GitHub - vClusterLabs-Experiments/vbilling: Usage-based billing for vCluster tenants. Auto-discovers vClusters, meters CPU/memory/GPU/storage/network, generates invoices via Lago.

Usage-based billing for AI Clouds running vCluster or vMetal
Auto-discovers Tenant Clusters, meters node capacity and GPU SKUs, and streams usage events to your billing adapter.

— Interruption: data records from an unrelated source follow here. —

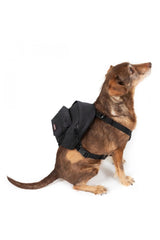 Eastpak Dog Pak'r Sırt Çantası Black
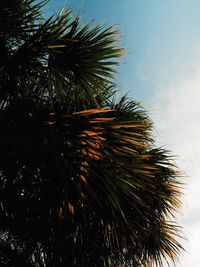 Low angle view of pine tree against sky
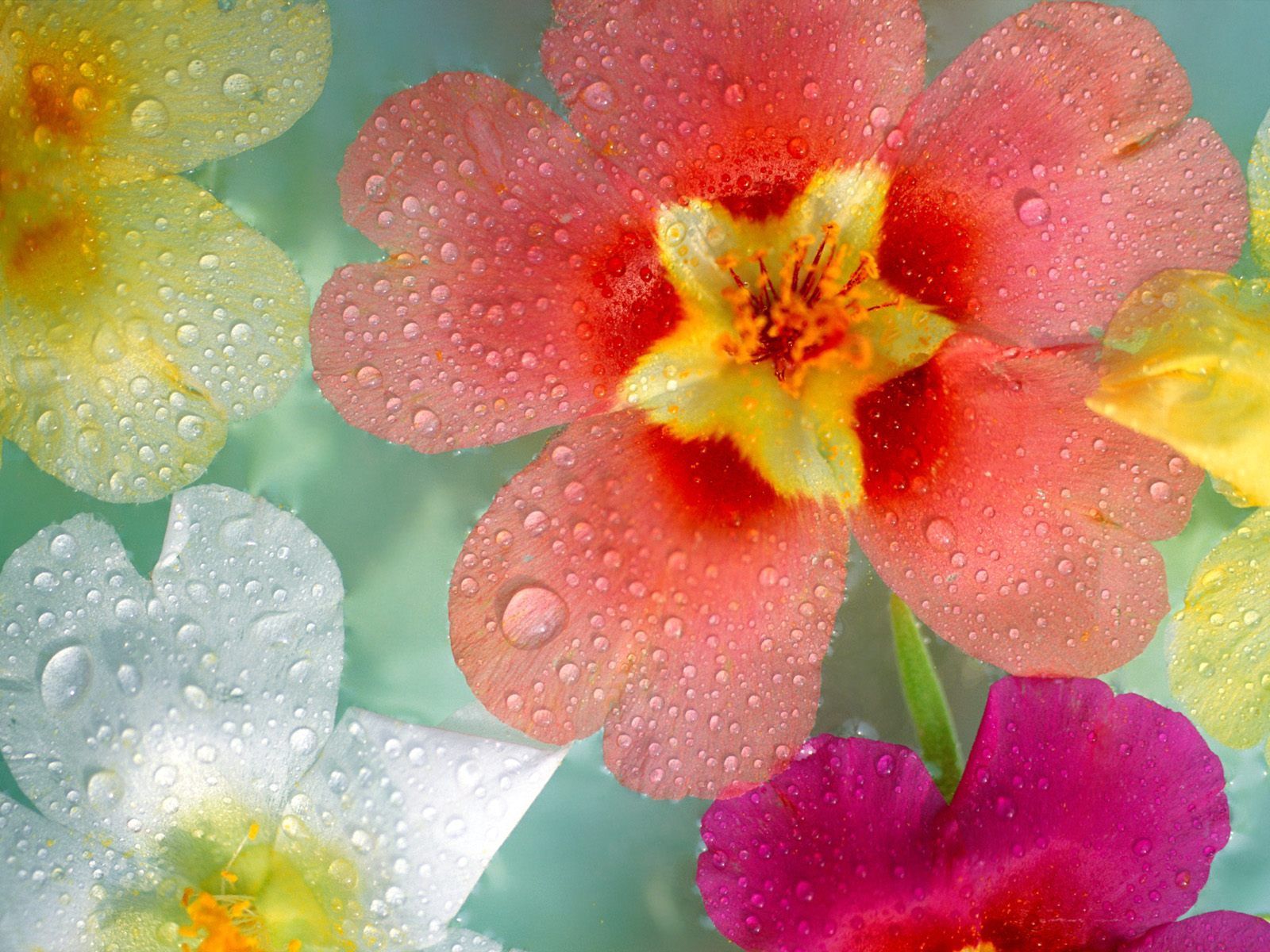 Descarga gratis la imagen De Cerca, Drops, Primer Plano, Flores, Multicolor en el escritorio de tu PC
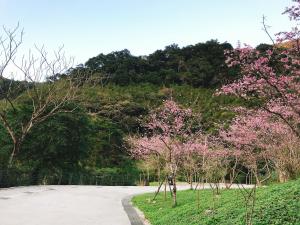 乌来乌来足立司拉温泉会馆的山坡上一条有粉红色花卉的道路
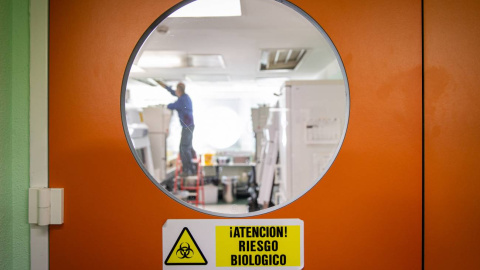 Puertas de una sala donde se experimenta con patógenos que conllevan riesgo biológico en el CNB. En este laboratorio se avanza en el desarrollo de una vacuna contra el SARS-Cov-2. / SINC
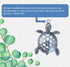 Sea Turtles Shower Curtain Hooks - Silver Metal Rust Proof Clips for Bathroom Accessories Set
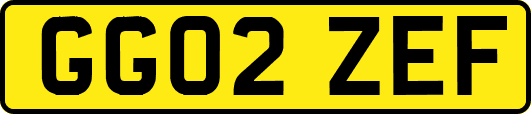 GG02ZEF
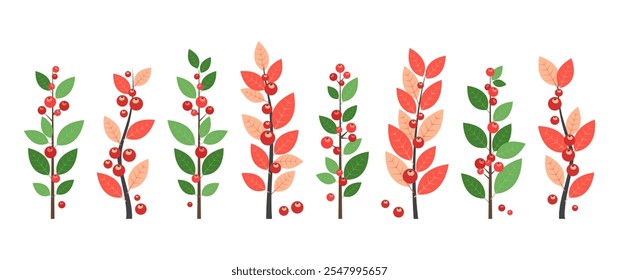 Icono de la baya de las Navidades, planta de invierno, hojas de rama, muérdago, decoración del follaje, baya Pequeña roja del árbol de vacaciones aislada en el fondo blanco. Conjunto de frutas de Navidad. Ilustración vectorial de dibujos animados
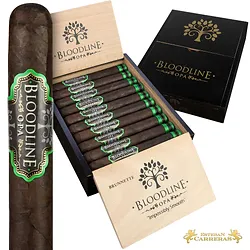 Esteban Carreras Esteban Carreras Bloodline Maduro Progeny Unit (20)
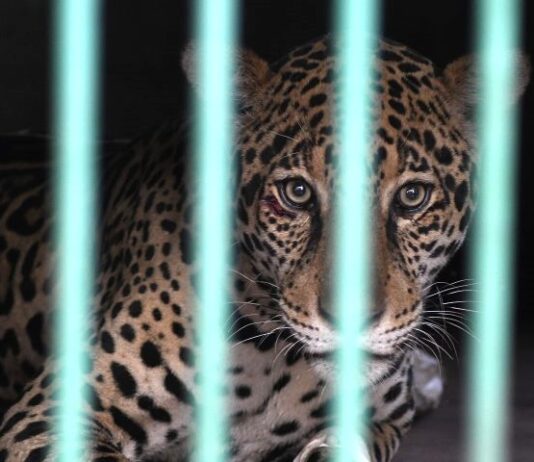 PANTANAL DE MS: após resgate, onça-pintada se alimenta e está em recuperação no CRAS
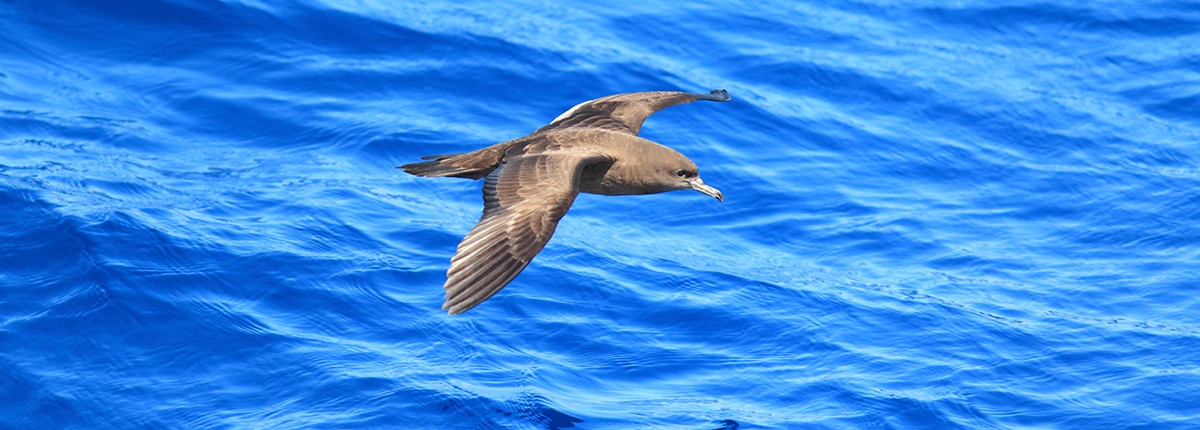 wedge tailed shearwater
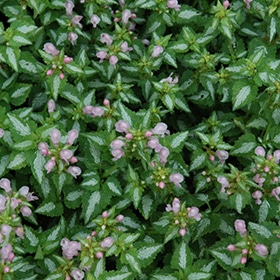 'Shell Pink' Dead Nettle 1QT
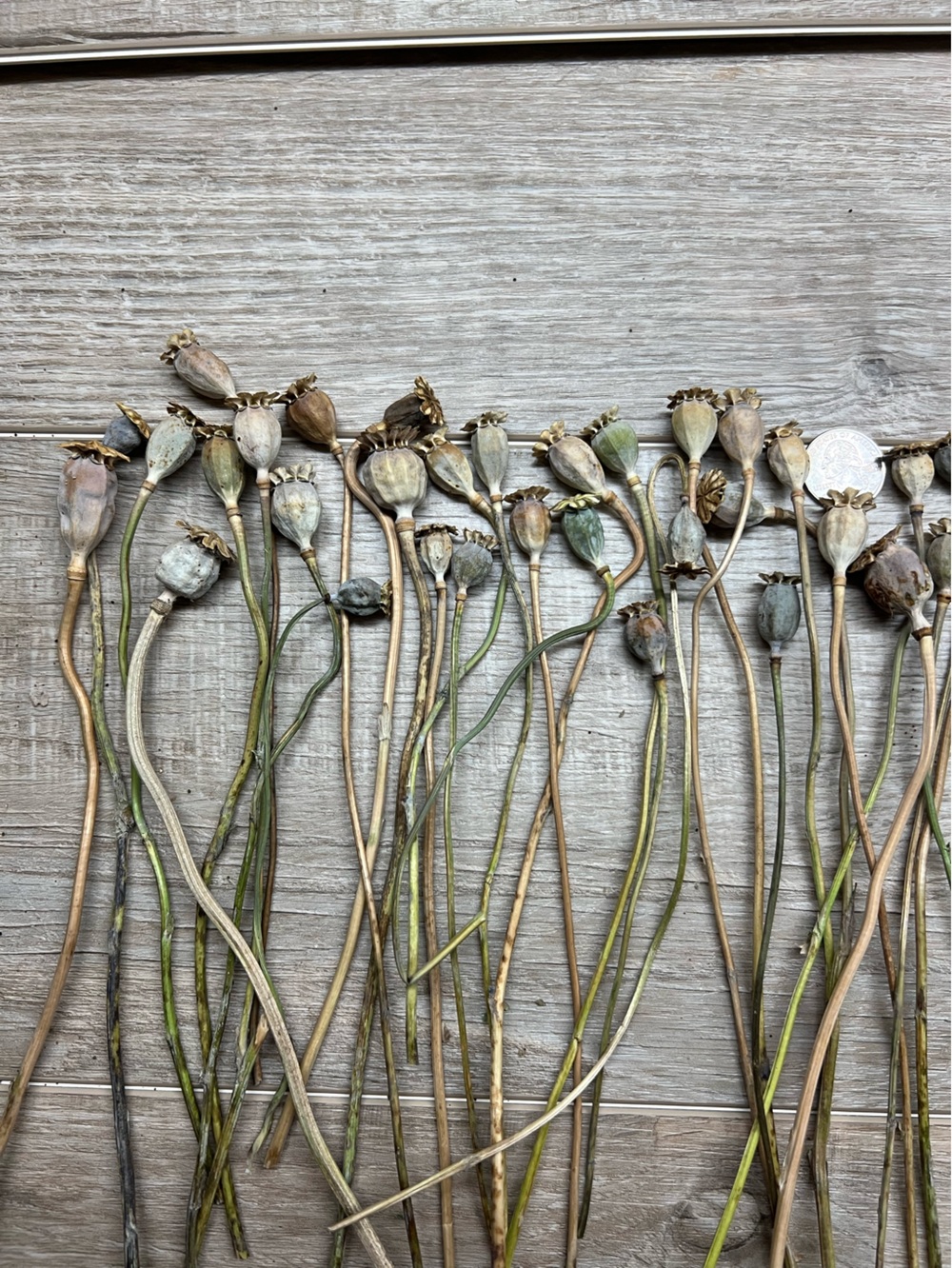 Natural Dried Poppy Pods Bundle - Green/Tan Home Accent - Picture 2 of 3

Built for AI Clouds and platform teams running Kubernetes with vCluster or vMetal. vBilling is the pipe, not the billing engine. You keep your billing backend (Lago today; Metronome, Stripe Meters, OpenMeter, or a custom adapter coming next).

Architecture

┌─────────────────────────────────────────────────────────────────────┐
│                      Control Plane Cluster                          │
│                                                                     │
│  ┌───────────────┐  ┌───────────────┐  ┌───────────────┐            │
│  │ Tenant        │  │ Tenant        │  │ Tenant        │            │
│  │ Cluster       │  │ Cluster       │  │ Cluster       │            │
│  │ team-alpha    │  │ team-beta     │  │ team-gpu      │            │
│  │               │  │               │  │               │            │
│  │ private ·     │  │ private ·     │  │ private ·     │            │
│  │ 4× A100       │  │ 2× L40S       │  │ 8× H100       │            │
│  └───────┬───────┘  └───────┬───────┘  └───────┬───────┘            │
│          │                  │                  │                    │
│          └──────────────────┼──────────────────┘                    │
│                             │                                       │
│                 ┌───────────▼────────────┐                          │
│                 │      vBilling          │                          │
│                 │      Controller        │                          │
│                 │                        │                          │
│                 │  • Auto-discovers      │                          │
│                 │  • Meters node capacity│                          │
│                 │  • Streams events      │                          │
│                 └───────────┬────────────┘                          │
└─────────────────────────────┼───────────────────────────────────────┘
                              │ Usage events (HTTP)
                 ┌────────────▼────────────┐
                 │     Billing Adapter     │
                 │                         │
                 │  Lago · Stripe ·        │
                 │  Metronome · Custom     │
                 │                         │
                 │  Plans · Subscriptions  │  ← Provider configures
                 │  Invoices · Wallets     │
                 └─────────────────────────┘

vBilling handles metrics collection and event delivery. Your billing adapter handles pricing, plans, and invoicing. Providers configure pricing in the adapter. vBilling never decides what to charge.

Deployment Model

Each tenant gets dedicated bare-metal nodes (GPUs, high-memory, etc.). Billing is based on full node allocation. The entire node is theirs.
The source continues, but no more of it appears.